| Exercise objective |
Quote every line of the material beneath this one.

| Dataset extract |
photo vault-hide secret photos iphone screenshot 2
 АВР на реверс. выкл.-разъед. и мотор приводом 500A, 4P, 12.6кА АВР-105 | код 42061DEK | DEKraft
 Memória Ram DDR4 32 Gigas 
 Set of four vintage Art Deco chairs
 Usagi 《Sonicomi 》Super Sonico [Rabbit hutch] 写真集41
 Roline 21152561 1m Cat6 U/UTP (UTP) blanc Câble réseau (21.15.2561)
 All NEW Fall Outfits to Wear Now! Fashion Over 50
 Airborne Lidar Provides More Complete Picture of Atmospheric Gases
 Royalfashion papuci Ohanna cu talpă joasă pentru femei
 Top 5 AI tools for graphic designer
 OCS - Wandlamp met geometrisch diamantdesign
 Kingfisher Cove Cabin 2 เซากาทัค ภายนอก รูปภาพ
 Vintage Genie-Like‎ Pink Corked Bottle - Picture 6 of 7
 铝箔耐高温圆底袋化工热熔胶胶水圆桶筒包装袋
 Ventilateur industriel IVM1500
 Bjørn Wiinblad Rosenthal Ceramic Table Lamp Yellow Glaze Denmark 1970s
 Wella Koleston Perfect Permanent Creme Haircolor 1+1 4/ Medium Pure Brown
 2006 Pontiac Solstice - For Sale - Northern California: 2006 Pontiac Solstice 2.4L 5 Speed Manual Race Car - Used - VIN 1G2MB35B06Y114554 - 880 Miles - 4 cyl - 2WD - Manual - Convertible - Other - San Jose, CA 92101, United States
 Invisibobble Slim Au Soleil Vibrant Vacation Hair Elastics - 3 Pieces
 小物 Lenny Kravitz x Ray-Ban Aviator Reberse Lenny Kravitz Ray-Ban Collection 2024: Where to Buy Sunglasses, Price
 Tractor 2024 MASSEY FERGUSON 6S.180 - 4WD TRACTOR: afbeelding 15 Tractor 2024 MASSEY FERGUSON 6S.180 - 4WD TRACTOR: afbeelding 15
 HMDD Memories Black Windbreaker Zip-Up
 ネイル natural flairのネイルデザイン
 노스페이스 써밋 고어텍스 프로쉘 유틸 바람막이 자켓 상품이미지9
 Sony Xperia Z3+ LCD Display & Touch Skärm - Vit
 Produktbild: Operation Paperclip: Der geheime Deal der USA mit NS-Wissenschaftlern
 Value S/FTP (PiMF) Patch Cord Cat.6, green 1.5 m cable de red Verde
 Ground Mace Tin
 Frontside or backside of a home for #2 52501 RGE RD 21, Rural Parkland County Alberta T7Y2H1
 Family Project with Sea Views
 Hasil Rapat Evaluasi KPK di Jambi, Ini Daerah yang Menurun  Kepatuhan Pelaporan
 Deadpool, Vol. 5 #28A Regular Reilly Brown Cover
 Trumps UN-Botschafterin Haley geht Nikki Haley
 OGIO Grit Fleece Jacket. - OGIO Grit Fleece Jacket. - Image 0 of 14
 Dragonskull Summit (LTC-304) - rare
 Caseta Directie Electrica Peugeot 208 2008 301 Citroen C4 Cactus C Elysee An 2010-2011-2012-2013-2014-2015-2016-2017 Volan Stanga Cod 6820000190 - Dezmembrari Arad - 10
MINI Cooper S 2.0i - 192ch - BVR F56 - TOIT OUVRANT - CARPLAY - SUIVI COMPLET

| Exercise result |
photo vault-hide secret photos iphone screenshot 2
 АВР на реверс. выкл.-разъед. и мотор приводом 500A, 4P, 12.6кА АВР-105 | код 42061DEK | DEKraft
 Memória Ram DDR4 32 Gigas 
 Set of four vintage Art Deco chairs
 Usagi 《Sonicomi 》Super Sonico [Rabbit hutch] 写真集41
 Roline 21152561 1m Cat6 U/UTP (UTP) blanc Câble réseau (21.15.2561)
 All NEW Fall Outfits to Wear Now! Fashion Over 50
 Airborne Lidar Provides More Complete Picture of Atmospheric Gases
 Royalfashion papuci Ohanna cu talpă joasă pentru femei
 Top 5 AI tools for graphic designer
 OCS - Wandlamp met geometrisch diamantdesign
 Kingfisher Cove Cabin 2 เซากาทัค ภายนอก รูปภาพ
 Vintage Genie-Like‎ Pink Corked Bottle - Picture 6 of 7
 铝箔耐高温圆底袋化工热熔胶胶水圆桶筒包装袋
 Ventilateur industriel IVM1500
 Bjørn Wiinblad Rosenthal Ceramic Table Lamp Yellow Glaze Denmark 1970s
 Wella Koleston Perfect Permanent Creme Haircolor 1+1 4/ Medium Pure Brown
 2006 Pontiac Solstice - For Sale - Northern California: 2006 Pontiac Solstice 2.4L 5 Speed Manual Race Car - Used - VIN 1G2MB35B06Y114554 - 880 Miles - 4 cyl - 2WD - Manual - Convertible - Other - San Jose, CA 92101, United States
 Invisibobble Slim Au Soleil Vibrant Vacation Hair Elastics - 3 Pieces
 小物 Lenny Kravitz x Ray-Ban Aviator Reberse Lenny Kravitz Ray-Ban Collection 2024: Where to Buy Sunglasses, Price
 Tractor 2024 MASSEY FERGUSON 6S.180 - 4WD TRACTOR: afbeelding 15 Tractor 2024 MASSEY FERGUSON 6S.180 - 4WD TRACTOR: afbeelding 15
 HMDD Memories Black Windbreaker Zip-Up
 ネイル natural flairのネイルデザイン
 노스페이스 써밋 고어텍스 프로쉘 유틸 바람막이 자켓 상품이미지9
 Sony Xperia Z3+ LCD Display & Touch Skärm - Vit
 Produktbild: Operation Paperclip: Der geheime Deal der USA mit NS-Wissenschaftlern
 Value S/FTP (PiMF) Patch Cord Cat.6, green 1.5 m cable de red Verde
 Ground Mace Tin
 Frontside or backside of a home for #2 52501 RGE RD 21, Rural Parkland County Alberta T7Y2H1
 Family Project with Sea Views
 Hasil Rapat Evaluasi KPK di Jambi, Ini Daerah yang Menurun  Kepatuhan Pelaporan
 Deadpool, Vol. 5 #28A Regular Reilly Brown Cover
 Trumps UN-Botschafterin Haley geht Nikki Haley
 OGIO Grit Fleece Jacket. - OGIO Grit Fleece Jacket. - Image 0 of 14
 Dragonskull Summit (LTC-304) - rare
 Caseta Directie Electrica Peugeot 208 2008 301 Citroen C4 Cactus C Elysee An 2010-2011-2012-2013-2014-2015-2016-2017 Volan Stanga Cod 6820000190 - Dezmembrari Arad - 10
MINI Cooper S 2.0i - 192ch - BVR F56 - TOIT OUVRANT - CARPLAY - SUIVI COMPLET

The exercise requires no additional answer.